You Can’t Always Get What You Want

How old where you when your first dream died?

It’s an uncomfortable question.  It admits failure and implies disappointment. But I don’t know a single person that doesn’t have an answer. Perhaps you count the instant you found out that Santa Claus was a hoax. Maybe it was a surprising death. The answer I hear most often to this question is the answerers particular experience of finding out they can’t be whatever they want to be. Maybe that’s my fault because that’s the context in which I answer the question, so related conversation is usually the prompt for me to ask it in the first place.

I was 13 when I realized I wouldn’t be able to be a pro basketball player. I was 16 when I verbally admitted it to another person.

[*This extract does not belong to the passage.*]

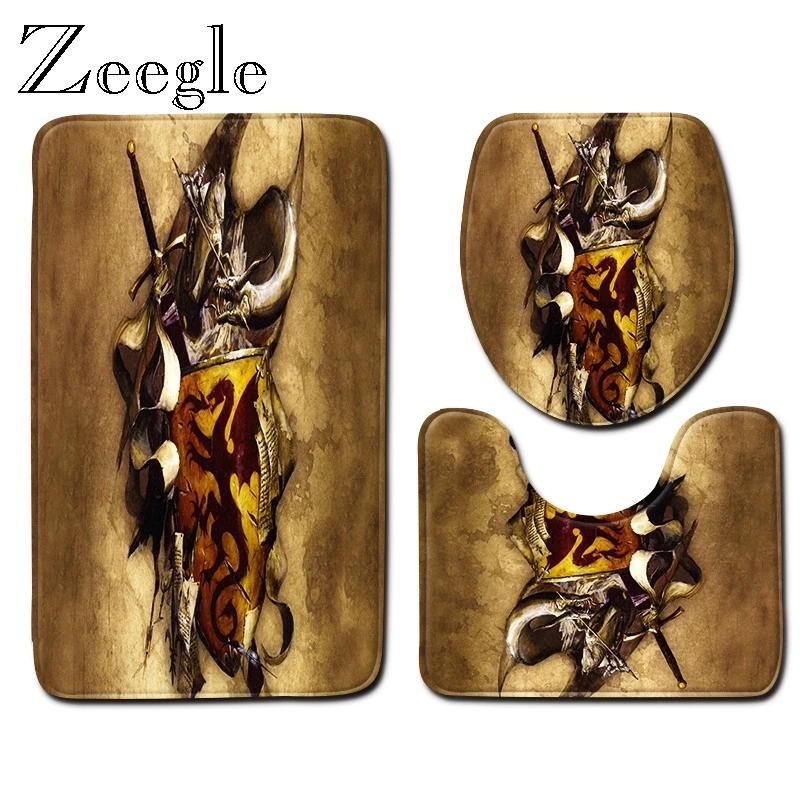 Zeegle Bathroom Mat Set Toilet Rug Flannel Anti Slip Bath Mat Rug Home Decor Bathroom Product Toilet Seat Cover Mat Toilet Mat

I had been a good ball-player as a child and figured with a lot of practice and a few breaks, I could play in the NBA. I was mostly just naïve. The moment came all at once, and I knew I was born for sales instead of sports (My dream actually withered from athlete to commentator to writer to sales, but who’s nitpicking?). I had about 12 points in the first 15 minutes of an AAU game. I was a 6’2” 13-yr-old being guarded by a stocky kid who would simply never be able to block my shot. The other team’s coach decided to make a change. He placed a gangly black kid with grace and wings to cover me. The kid was beautiful. He glided along the floor like a bird in flight, and he immediately enjoyed calling me “Cake”, a diss that still stings even though I still don’t understand it. He shut me down. Completely. My first real dream was murdered by some nameless kid from Oklahoma with no offensive skill set. I wonder what he does now? Maybe he’s in the management program at Enterprise (great corporate structure). Maybe he’s dead.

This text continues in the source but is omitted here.